_Records for the task_.
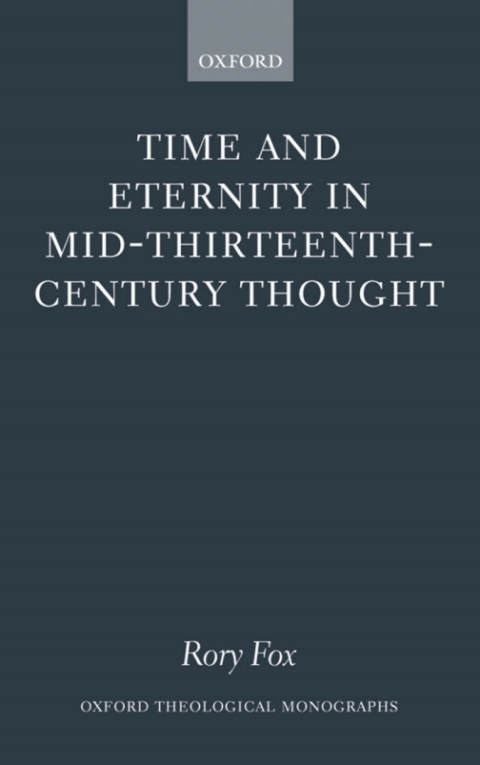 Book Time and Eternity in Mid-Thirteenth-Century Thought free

==

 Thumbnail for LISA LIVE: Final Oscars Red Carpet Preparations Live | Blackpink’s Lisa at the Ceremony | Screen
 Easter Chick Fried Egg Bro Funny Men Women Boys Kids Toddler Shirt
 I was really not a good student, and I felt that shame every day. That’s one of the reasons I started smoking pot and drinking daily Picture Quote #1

_Your instructions_.
Your answer should consist solely of the lines above from the line with "Thumbnail for LISA" to the line with "I was really", both included, reproduced exactly.

_Exercise output_.
 Thumbnail for LISA LIVE: Final Oscars Red Carpet Preparations Live | Blackpink’s Lisa at the Ceremony | Screen
 Easter Chick Fried Egg Bro Funny Men Women Boys Kids Toddler Shirt
 I was really not a good student, and I felt that shame every day. That’s one of the reasons I started smoking pot and drinking daily Picture Quote #1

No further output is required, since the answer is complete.